Table 1. Comparison of salinity values (psu) in upper, middle, and bottom waters during the closing and opening periods of the NRE.
Water quality exhibited significant differences in DO, TN and conductivity values between CP and OP, whereas other water quality variables (water temperature, BOD and TP) did not change (Supplementary Table S4). Specifically, DO values were significantly different at site B (P= 0.029) and TN from sites B to E (B: P = 0.001; C: P = 0.001; D: P = 0.001; E: P = 0.001).
A noticeable difference in conductivity, indicative of salinity inflow, was observed in the OP. Conductivity increased significantly at sites A and C (A: P = 0.001; B: P = 0.017; C: P = 0.017). Although water temperature and BOD showed no statistically significant differences, they remained relatively lower than those of CP. DO, which was closely related to water temperature, exhibited an inverse relationship and tended to increase in OP.
3.2 Clustering of data on fish individuals according to ecological characteristics
Based on the fish data, the best SOM model consisted of 54 output neurones arranged in nine rows and six columns, and the training results were satisfactory (quantization error, 0.982; topographic error, 0.043) (Figure 2). The U-matrix generated from the trained model provided five clusters (Figure 2B). The map characteristics were determined by comparing the changing patterns of the input variables on the map (Supplementary Figure S2). Each cluster was divided into five sample sets according to the ecological characteristics: freshwater (benthopelagic) (cluster 1: upper left; blue), marine (cluster 2: lower left; sky-blue), freshwater (demersal) (cluster 3: middle left; green), non-indigenous (cluster 4: lower right; orange) and brackish (cluster 5: upper right; red) segments (Figure 2A; Supplementary Figure S2).
Examination of the distribution characteristics of each cluster revealed that freshwater species were primarily found in the middle and upper parts of the NRE sites (Figure 3). Non-indigenous species were distributed in the middle, whereas brackish species were mainly found in the seawater and the upper parts of the NRE sites (Figure 3). Marine species were predominantly distributed at sites A and B, adjacent to the seawater, with some being present even in the upper part of the NRE (site F) (Figure 3). When analyzing the monthly frequency of fish collected for each cluster, freshwater species were mainly collected in October, whereas non-indigenous species were predominantly observed from September to November (Figure 4). Brackish species were predominantly collected in July, while marine species were mainly collected in November (Figure 4).

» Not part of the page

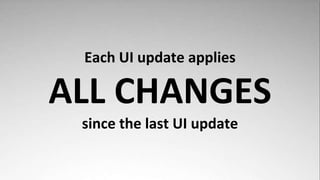 Each UI update applies

ALL CHANGES
 since the last UI update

Figure 3. Distribution of individual fish SOM data in terms of spatial changes. (A) denotes the seawater study site, and (B–F) are the study sites based on their distances from the NRE. Each colour represents the concentrated clustering proportion corresponding to the species type. Blue, freshwater (benthopelagic); green, freshwater (demersal); orange, non-indigenous; red, brackish; sky blue, marine.
Figure 4. Monthly distribution of individual fish data based on the self-organising map analysis. (A) freshwater (benthopelagic); (B) freshwater (demersal); (C) non-indigenous; (D) brackish; (E) marine.
3.3 Clustering of the study sites CP and OP in NRE
When comparing the collected fish frequency of each cluster in CP and OP, we observed changes in the distribution pattern following re-opening (Figure 5). Freshwater (benthopelagic) species were distributed only at sites D, E and F during CP but occurred at all freshwater sites (B-F) during OP. In CP, freshwater (demersal) species were distributed from site C to site F. However, in OP, these species were primarily found at sites E and F (Figure 5). Non-indigenous species, dominant at sites B and D (> 50% in CP), were concentrated at site D in OP. Brackish species, initially distributed from the middle part (site C) to the end part (site F) during CP, primarily inhabited the middle area (site D) during OP. Marine species, predominantly distributed in saltwater areas (site A), showed an expanded distribution range to include freshwater areas E during OP. When comparing the abundance of fish species to each ecological characteristic in CP and OP, the contribution of brackish species tended to increase during OP, while other species showed a decreasing tendency (Figure 5). Overall, the abundance of both freshwater and marine species decreased in OP. The abundances of the non-indigenous species M. salmoides and L. macrochirus the abundance tended to decrease in the OP, whereas Erythroculter erythropterus showed increased abundance at sites B and C. Anguilla japonica, a brackish species, was concentrated at sites C and D during OP and showed increasing abundance. Plecoglossus altivelis, not collected in CP, occurred from sites C to F during OP. The distribution area of Rhinogobius giurinus expanded from sites B to F during OP, and abundance also increased (Table 2).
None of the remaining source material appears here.